Exercise instructions: Verbatim copy without images: repeat the records in full.
┏━━
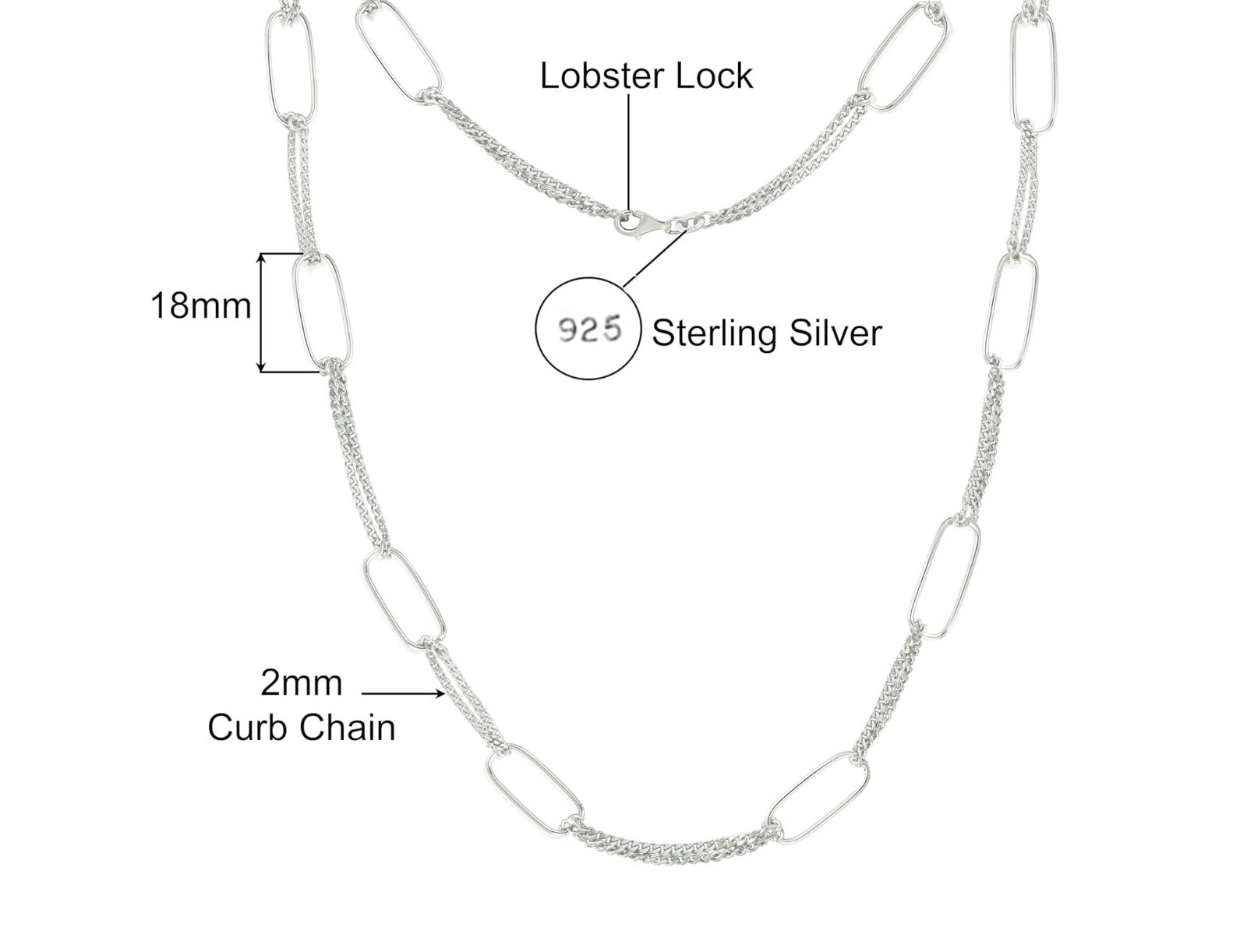 925 Solid Sterling Silver 20” Inch Paperclip Link Curb Necklace Chain For Women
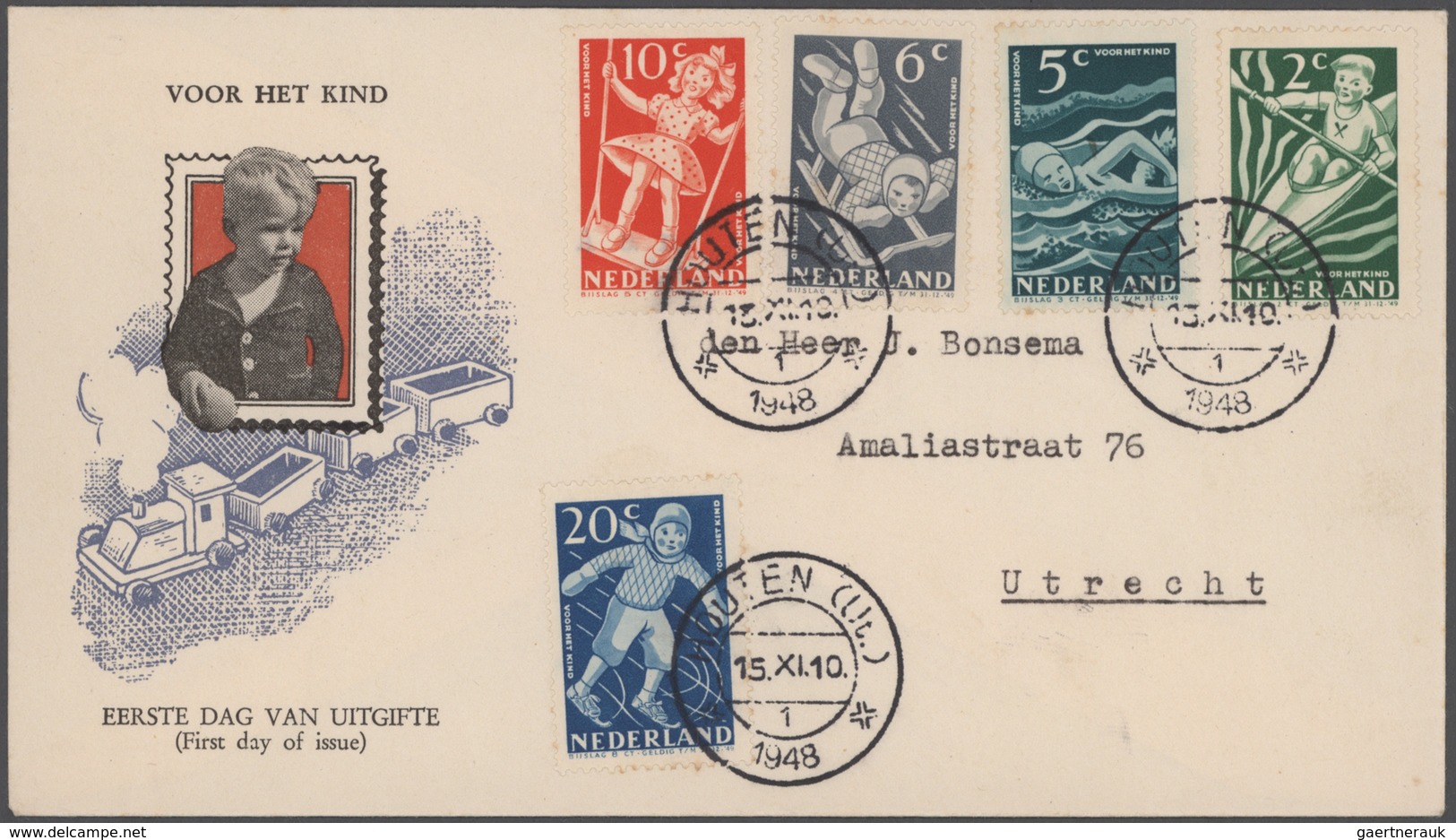 Niederlande: 1948-1949, Partie Mit 7 FDC, Verschiedene Ausgaben Auf Schmuck-Umschlägen, Enthalten Al - Autres & Non Classés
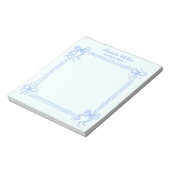 Girly Blue Coquette Bow Personalized Name Notitieblok (Linkerzijde)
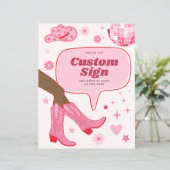 Pink Cowgirl Birthday Party Custom Sign (Stehend Vorderseite)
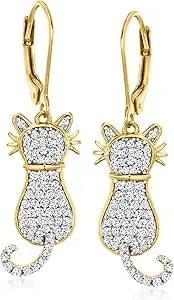 Ross-Simons 0.80 Ct. T.W. White Topaz Cat Drop Earrings In 18kt Gold Over Sterling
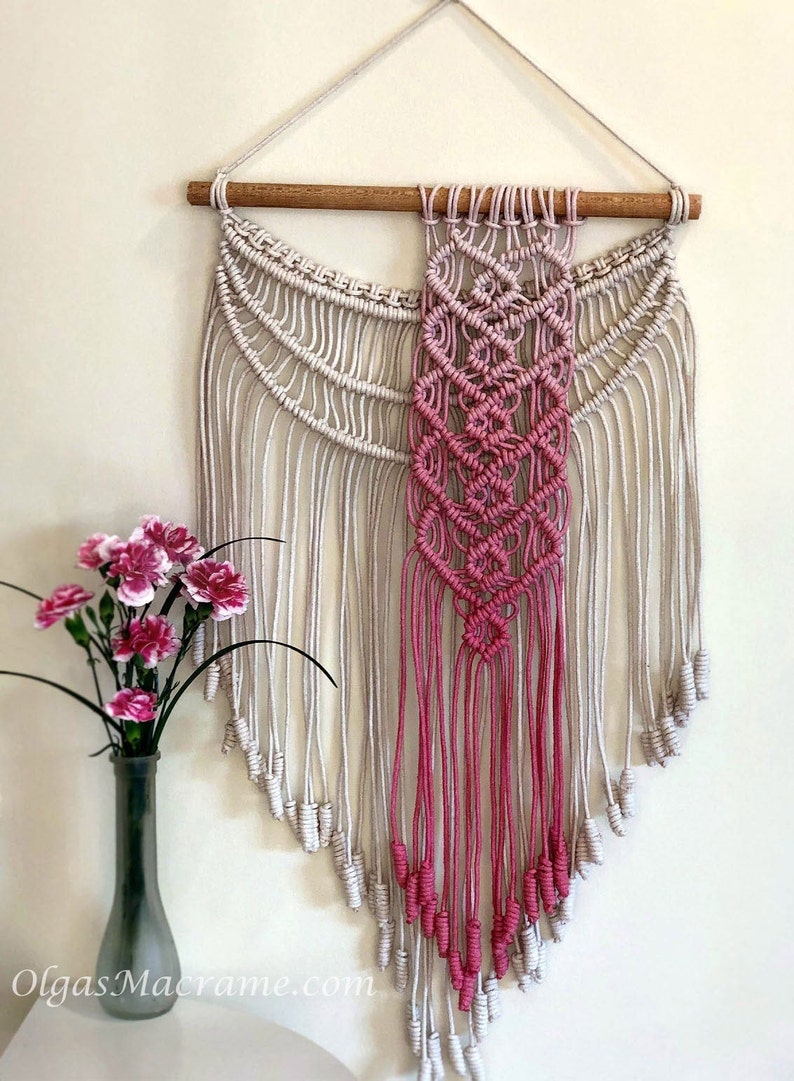 Tutorial Macrame Hearts Wall hanging Step-by-step instructions with images DIY image 4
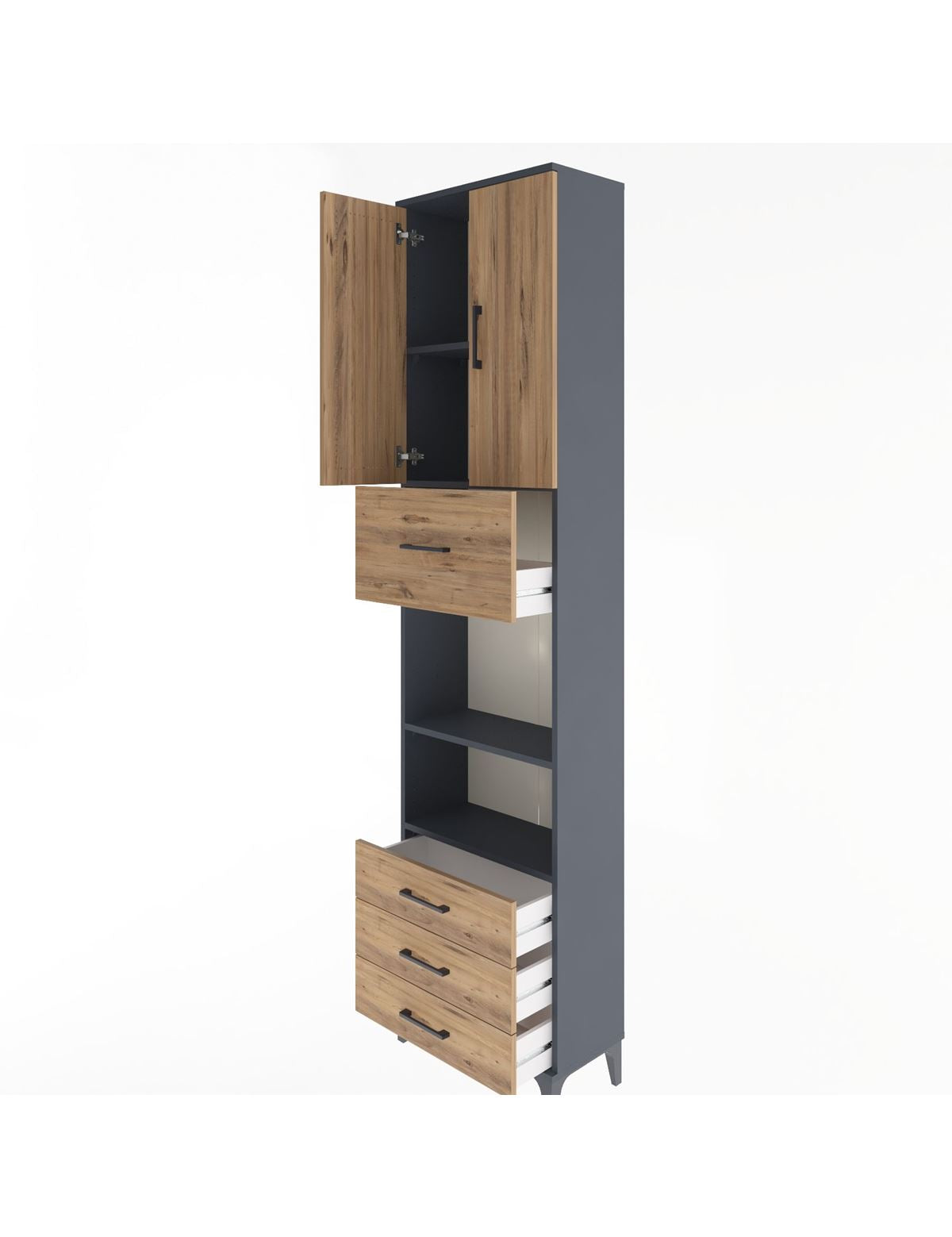 Arges Dolap 4 Raflı 4 Çekmeceli 2 Kapaklı 60x30x243 - S32M039V6A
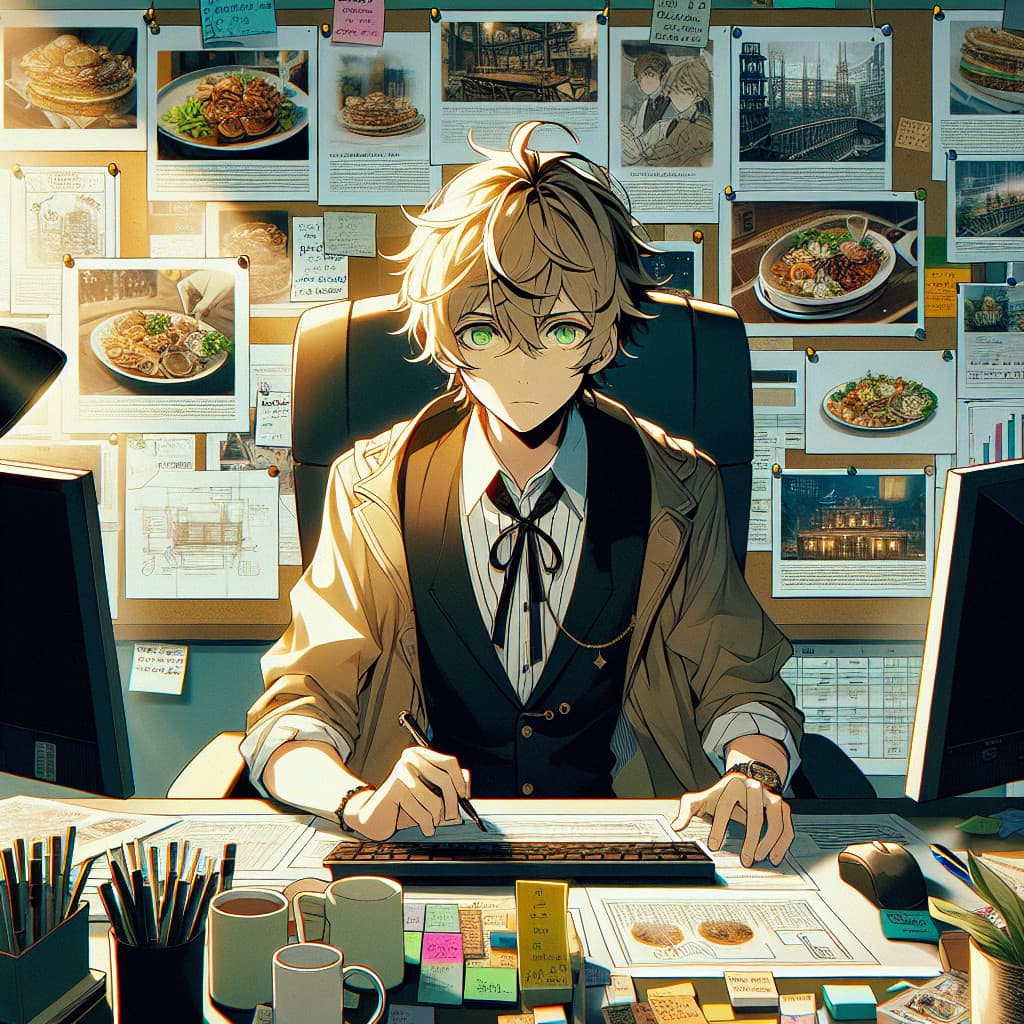 imagine in anime seraph of the end like look showing an anime boy with messy blond hair and green eyes working in social media agentur fuer restaurants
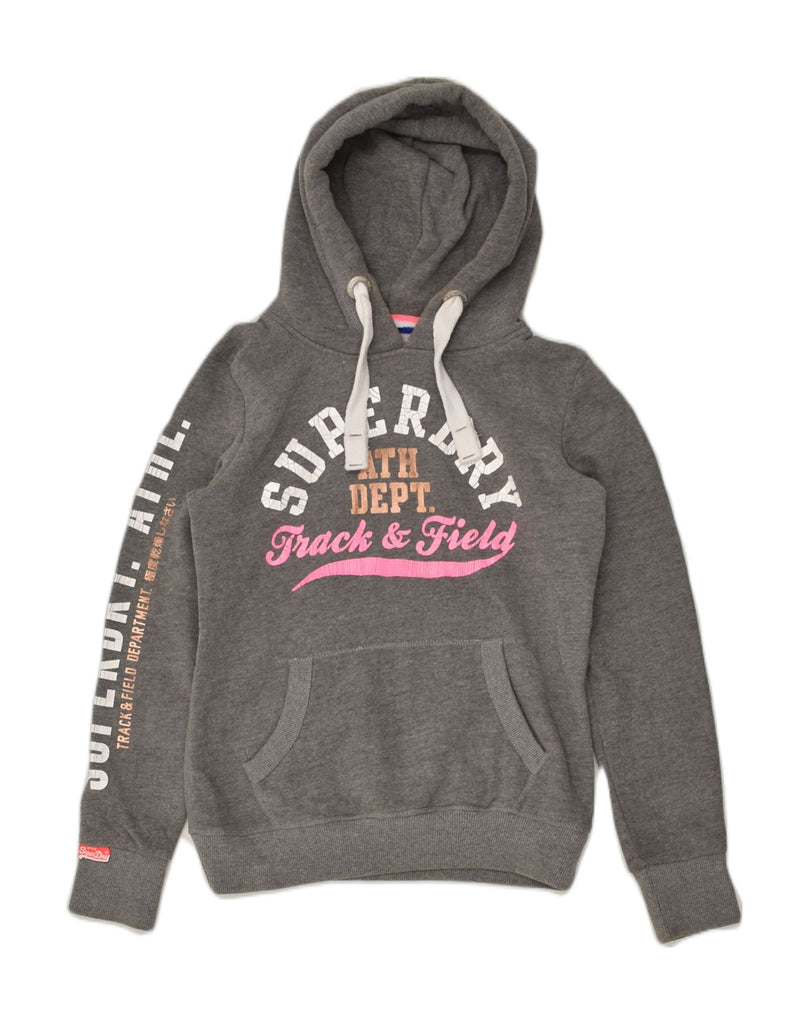 SUPERDRY Womens Graphic Hoodie Jumper UK 10 Small  Grey Cotton | Vintage Superdry | Thrift | Second-Hand Superdry | Used Clothing | Messina Hembry 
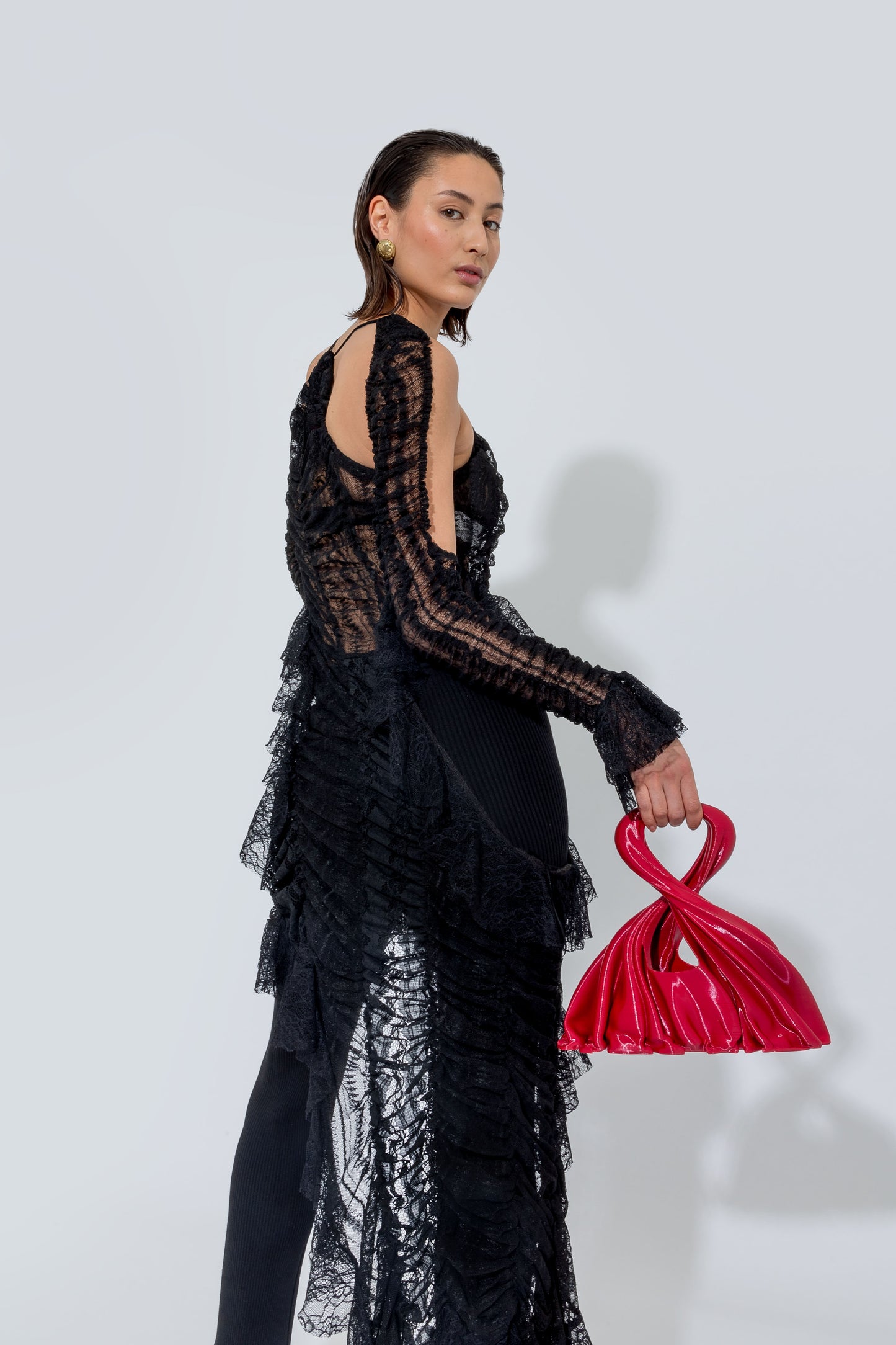 Black Revenge Ruched Dress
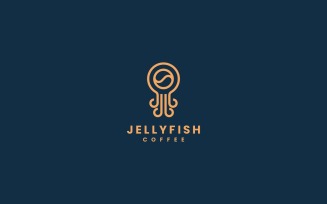 Jellyfish Coffee Line Art Logo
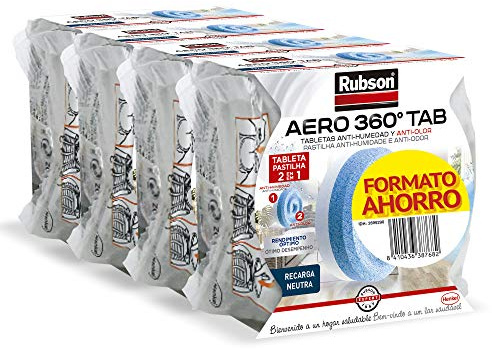 Rubson Aero 360° Tab Tabletas Recambio Deshumidificador, 4 Recargas x 450 g | Olor Neutro, Habitaciones ≤ 22 m², Previene Condensación/Moho, Ultra Absorbente, Duración ≤ 3 meses, Circulación Aire 360°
┗━━
Expected output:
 925 Solid Sterling Silver 20” Inch Paperclip Link Curb Necklace Chain For Women
 Niederlande: 1948-1949, Partie Mit 7 FDC, Verschiedene Ausgaben Auf Schmuck-Umschlägen, Enthalten Al - Autres & Non Classés
 Girly Blue Coquette Bow Personalized Name Notitieblok (Linkerzijde)
 Pink Cowgirl Birthday Party Custom Sign (Stehend Vorderseite)
 Ross-Simons 0.80 Ct. T.W. White Topaz Cat Drop Earrings In 18kt Gold Over Sterling
 Tutorial Macrame Hearts Wall hanging Step-by-step instructions with images DIY image 4
 Arges Dolap 4 Raflı 4 Çekmeceli 2 Kapaklı 60x30x243 - S32M039V6A
 imagine in anime seraph of the end like look showing an anime boy with messy blond hair and green eyes working in social media agentur fuer restaurants
 SUPERDRY Womens Graphic Hoodie Jumper UK 10 Small  Grey Cotton | Vintage Superdry | Thrift | Second-Hand Superdry | Used Clothing | Messina Hembry 
 Black Revenge Ruched Dress
 Jellyfish Coffee Line Art Logo
 Rubson Aero 360° Tab Tabletas Recambio Deshumidificador, 4 Recargas x 450 g | Olor Neutro, Habitaciones ≤ 22 m², Previene Condensación/Moho, Ultra Absorbente, Duración ≤ 3 meses, Circulación Aire 360°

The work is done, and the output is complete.